Kalimat itu adalah kalimat pelengkap dari sebuah momen kedekatanku dengan Ayah. Yang masih teringat hingga saat ini.
Waktu itu aku sedang sakit, malas ke sekolah. Dan Ayah, saat itu, adalah pahlawanku. Ayah adalah sosok paling lembut dan kuat yang mampu menjagaku. Tubuh tingginya menggendongku sekaligus menjaga adikku yang masih harus selalu diawasi. Adik saat itu juga merengek minta digendong dan kalimat itu adalah gurauan yang dikeluarkan dari mulut Ayah.
Saat itu, aku hanya bis bergelung manja dalam dekapan Ayah. Menyembunyikan kepalaku pada lekukan hangat leher Ayah. Mencari ketenangan dan perlindungan disana. Aku tidak peduli pada adik yang merengek iri ingin digendong. Saat itu, Ayah hanya milikku. Saat itu, Ayah adalah sosok yang masih belum rela aku bagi.

Kenangan belasan tahun lalu itu menjadi sebuah kenangan, yang membekas dan paling bertahan ditengah begitu banyak momen perselisihan yang pernah terjadi denganku dan Ayah. Kemarin, saat pernikahan sepupuku, melihat Ayah menangis haru karena keponakannya yang bersujud meminta restu pada orang tuanya menyadarkanku. Tiba-tiba aku merindukan sosok kuat dan tangguh yang dulu menjadi sandaranku. Tiba-tiba aku ingin kembali memeluknya, kembali bersembunyi lekukan lehernya. Mencari perlindungan disana.
Sekelebat kalimat itu menyadarkanku, bahwa momen itu mungkin menjadi momen terakhir dimana aku dekat dan masih bersandar padanya. Momen, yang teringat, dimana aku sudah tidak pernah lagi menyentuhnya atau merengek manja meminta perlindungannya.
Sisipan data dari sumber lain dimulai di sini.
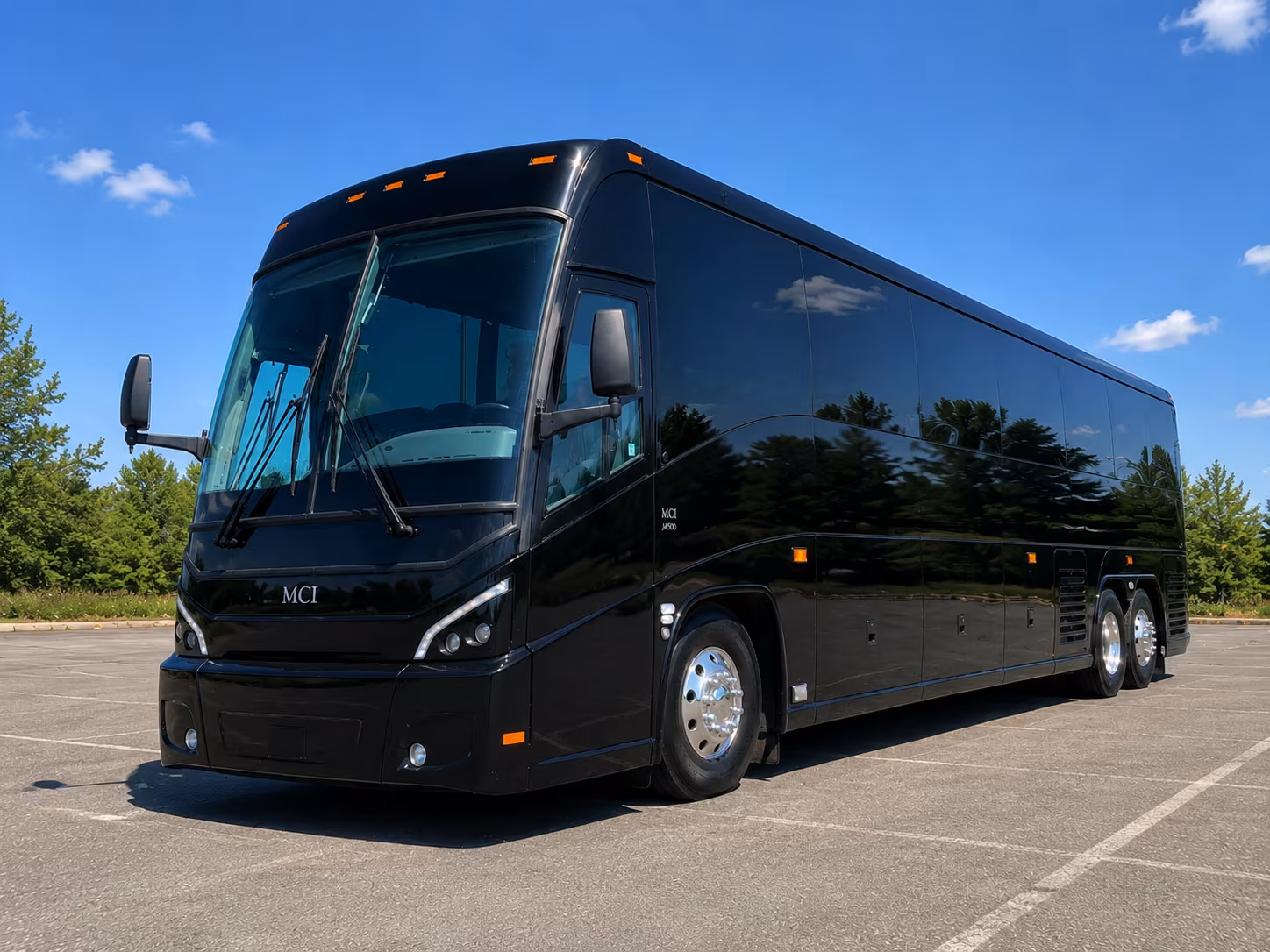 High Point Airport Shuttle & Transportation party bus exterior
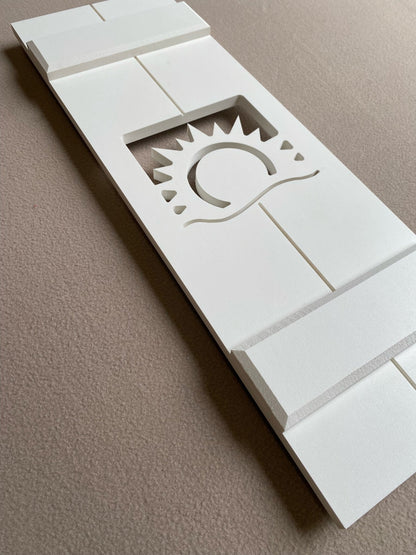 Sunset Exterior Shutter, Sold Individually - High Springs Shutter Company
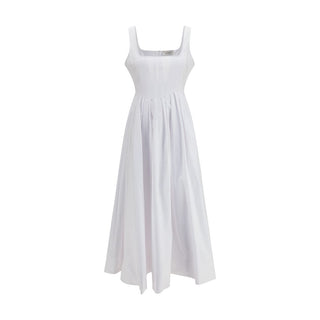 Vestido casual blanco de algodón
Time flies, Ayah. Waktu membuatku keras kepala dan banyak berselisih paham denganmu. Waktu juga berjalan cepat, membuatku menyadari bahwa aku sudah tidak pernah lagi berlari padamu. Bermanja padamu pun sepertinya sudah tidak lagi.

Waktu berjalan cepat, Ayah. Aku rindu saat itu, saat dimana aku masih polos dan bersedia bersandar padamu. Menggantungkan seluruh diriku padamu. Ayah, aku masih terlalu tinggi hati untuk meminta permohonan ini. Memintamu kembali memelukku. Bolehkah aku memintanya? Suatu saat, diwaktu aku siap?